Il s'agit «d'une mesure décisive pour accroître la pression sur le gouvernement syrien afin qu'il cesse la violence contre son peuple et entame la transition vers un système démocratique», affirme un communiqué de l'administration américaine.

«Assad doit diriger une transition politique ou partir», insiste le texte des départements d'État et du Trésor, tout en notant qu'un départ du président est une décision qui «revient au bout du compte au peuple syrien».

Également concernés par ces sanctions, six autres caciques du régime: le vice-président Farouk al-Chareh, le premier ministre Adel Safar, le ministre de l'Intérieur Mohammad Ibrahim al-Chaar, le ministre de la Défense Ali Habib, le chef des renseignements militaires Abdel Fatah Qudsiya, et le «directeur de la sécurité politique» Mohammed Dib Zaitoun.

Les mesures américaines, gel des biens des personnes visées, touchent également deux chefs des Gardiens de la Révolution iranienne, pour leur rôle dans la répression en Syrie, selon le communiqué de Washington.

L'administration Obama a expliqué être «très inquiète de l'implication d'entités iraniennes dans la violence récente en Syrie».

Ces annonces surviennent à la veille d'un discours attendu du président Barack Obama sur le Moyen-Orient.

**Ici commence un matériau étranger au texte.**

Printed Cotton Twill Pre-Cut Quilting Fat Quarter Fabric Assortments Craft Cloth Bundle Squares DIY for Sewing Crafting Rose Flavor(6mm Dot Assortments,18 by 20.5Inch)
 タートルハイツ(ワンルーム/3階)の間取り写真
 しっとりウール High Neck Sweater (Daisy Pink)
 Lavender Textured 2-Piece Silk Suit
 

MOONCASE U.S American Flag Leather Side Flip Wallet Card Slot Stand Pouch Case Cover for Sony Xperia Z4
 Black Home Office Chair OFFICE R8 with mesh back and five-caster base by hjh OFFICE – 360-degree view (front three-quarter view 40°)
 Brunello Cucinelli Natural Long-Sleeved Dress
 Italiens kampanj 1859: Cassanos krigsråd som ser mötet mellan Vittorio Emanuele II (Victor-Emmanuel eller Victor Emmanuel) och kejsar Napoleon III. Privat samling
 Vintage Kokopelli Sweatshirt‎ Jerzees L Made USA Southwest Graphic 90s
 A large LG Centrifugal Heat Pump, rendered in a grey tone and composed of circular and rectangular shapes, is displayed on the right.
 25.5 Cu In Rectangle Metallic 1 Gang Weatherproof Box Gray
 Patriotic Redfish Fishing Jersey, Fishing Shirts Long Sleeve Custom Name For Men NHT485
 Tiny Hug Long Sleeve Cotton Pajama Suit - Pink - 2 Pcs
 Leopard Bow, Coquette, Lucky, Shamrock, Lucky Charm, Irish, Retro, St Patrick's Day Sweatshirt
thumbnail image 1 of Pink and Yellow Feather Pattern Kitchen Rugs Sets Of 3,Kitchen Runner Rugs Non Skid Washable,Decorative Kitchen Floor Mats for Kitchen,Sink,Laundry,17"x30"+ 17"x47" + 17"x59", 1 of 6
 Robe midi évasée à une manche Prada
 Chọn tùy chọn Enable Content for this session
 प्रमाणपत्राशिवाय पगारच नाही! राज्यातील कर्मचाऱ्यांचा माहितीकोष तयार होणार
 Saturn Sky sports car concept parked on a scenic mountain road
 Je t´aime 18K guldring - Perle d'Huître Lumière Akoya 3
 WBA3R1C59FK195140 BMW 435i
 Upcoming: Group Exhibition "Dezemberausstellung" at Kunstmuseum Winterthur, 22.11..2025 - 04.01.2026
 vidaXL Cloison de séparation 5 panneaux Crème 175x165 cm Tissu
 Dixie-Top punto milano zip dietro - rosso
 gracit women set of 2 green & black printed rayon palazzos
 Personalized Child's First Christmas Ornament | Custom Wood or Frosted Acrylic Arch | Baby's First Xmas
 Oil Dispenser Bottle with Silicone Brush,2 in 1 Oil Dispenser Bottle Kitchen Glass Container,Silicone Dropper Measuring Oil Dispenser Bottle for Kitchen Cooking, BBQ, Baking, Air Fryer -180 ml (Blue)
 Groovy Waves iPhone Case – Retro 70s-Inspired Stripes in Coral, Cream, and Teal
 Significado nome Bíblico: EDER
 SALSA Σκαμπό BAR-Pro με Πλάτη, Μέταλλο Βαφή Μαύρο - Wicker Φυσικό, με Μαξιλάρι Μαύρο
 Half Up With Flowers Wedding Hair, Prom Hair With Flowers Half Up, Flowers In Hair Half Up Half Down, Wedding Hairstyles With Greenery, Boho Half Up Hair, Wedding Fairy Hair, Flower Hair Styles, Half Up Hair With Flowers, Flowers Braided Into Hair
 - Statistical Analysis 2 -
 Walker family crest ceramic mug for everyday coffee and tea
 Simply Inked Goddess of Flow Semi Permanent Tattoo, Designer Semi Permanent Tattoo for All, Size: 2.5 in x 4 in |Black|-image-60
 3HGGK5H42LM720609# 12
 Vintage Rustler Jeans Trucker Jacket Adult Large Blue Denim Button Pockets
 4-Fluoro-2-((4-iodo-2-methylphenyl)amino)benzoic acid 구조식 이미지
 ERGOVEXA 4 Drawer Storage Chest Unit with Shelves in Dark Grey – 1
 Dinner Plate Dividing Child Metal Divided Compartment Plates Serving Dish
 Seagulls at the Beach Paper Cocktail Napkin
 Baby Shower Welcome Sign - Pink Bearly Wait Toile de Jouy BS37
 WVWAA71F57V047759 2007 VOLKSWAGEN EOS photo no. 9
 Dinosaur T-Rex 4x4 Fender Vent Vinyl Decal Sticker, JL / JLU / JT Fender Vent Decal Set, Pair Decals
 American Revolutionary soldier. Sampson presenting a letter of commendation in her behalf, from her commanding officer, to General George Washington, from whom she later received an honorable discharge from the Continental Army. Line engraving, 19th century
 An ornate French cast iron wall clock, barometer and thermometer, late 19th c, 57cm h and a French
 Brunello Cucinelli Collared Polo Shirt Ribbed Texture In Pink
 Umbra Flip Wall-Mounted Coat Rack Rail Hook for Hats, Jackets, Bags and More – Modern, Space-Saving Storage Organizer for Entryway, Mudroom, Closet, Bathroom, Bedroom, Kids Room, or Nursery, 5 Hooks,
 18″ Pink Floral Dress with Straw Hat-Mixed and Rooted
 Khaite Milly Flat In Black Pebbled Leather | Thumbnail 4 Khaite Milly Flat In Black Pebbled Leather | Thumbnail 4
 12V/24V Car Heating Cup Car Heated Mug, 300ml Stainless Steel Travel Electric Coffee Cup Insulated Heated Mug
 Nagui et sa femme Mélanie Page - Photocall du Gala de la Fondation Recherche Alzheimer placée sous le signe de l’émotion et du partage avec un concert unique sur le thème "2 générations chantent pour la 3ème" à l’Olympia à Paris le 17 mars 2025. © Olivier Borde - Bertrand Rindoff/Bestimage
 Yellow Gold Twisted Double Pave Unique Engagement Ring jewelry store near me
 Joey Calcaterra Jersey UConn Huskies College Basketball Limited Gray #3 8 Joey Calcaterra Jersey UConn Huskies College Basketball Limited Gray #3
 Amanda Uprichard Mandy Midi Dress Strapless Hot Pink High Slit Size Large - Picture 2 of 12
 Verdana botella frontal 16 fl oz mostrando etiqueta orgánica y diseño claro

Quelques heures avant que Washington ne fasse ces annonces, le président russe Dmitri Medvedev avait averti qu'il n'approuverait pas l'adoption d'une résolution à l'ONU autorisant le recours à la force en Syrie, arguant que la coalition occidentale ne respectait pas les décisions du Conseil de sécurité au sujet de la Libye.

Pour le président Assad pourtant, «la crise (a) été surmontée» et «les événements (sont) en passe d'être terminés», a-t-il assuré mardi devant une assemblée locale, selon des déclarations publiées par le journal Al-Watan.

Depuis le début des violences, les autorités attribuent les troubles à des «salafistes», des «gangs criminels» ou à «des groupes terroristes armés», dont certains liés à l'étranger.

Mais sur le terrain, les témoins parlent de massacres perpétrés par les forces de l'ordre et les milices locales, comme mercredi à Tall Kalakh. La veille, un habitant avait déjà qualifié mardi cette localité de «ville fantôme», parlant de «massacre».

Et la répression semble porter ses fruits: l'appel à la grève générale mercredi lancé par l'opposition a été peu suivi.

Dans plusieurs foyers de la contestation, l'intervention ou le siège par les forces de sécurité a de toutes les façons paralysé ou du moins ralenti les activités économiques et sociales, en particulier à Homs (centre), Deraa (sud), Banias (nord-ouest) et tout récemment à Tall Kalakh.

«Qui oserait observer la grève générale et risquer ainsi de perdre son commerce ou d'être visé par les autorités?», a fait valoir à Damas un homme d'affaires ayant requis l'anonymat. «Quiconque baisserait ses rideaux de fer serait immédiatement repéré et risquerait de perdre son gagne-pain!»

Dans la capitale, plutôt épargnée par les grandes manifestations contre le régime, les écoles et les commerces sont restés ouverts, et les transports publics fonctionnaient normalement.

La grève n'était pas non plus suivie à Alep, deuxième ville du pays, ont déclaré des habitants à l'AFP. De même à Lattaquié, principal port où un habitant a affirmé que «la majorité (des habitants) n'était même pas au courant» de l'appel à la grève.

Selon des vidéos diffusées sur YouTube, des dizaines de personnes ont manifesté dans un des souks de la ville de Homs, où les magasins étaient fermés.

Un autre film posté sur le même site montrait également des rideaux de fer tirés dans un souk de Zabadani, non loin de Damas.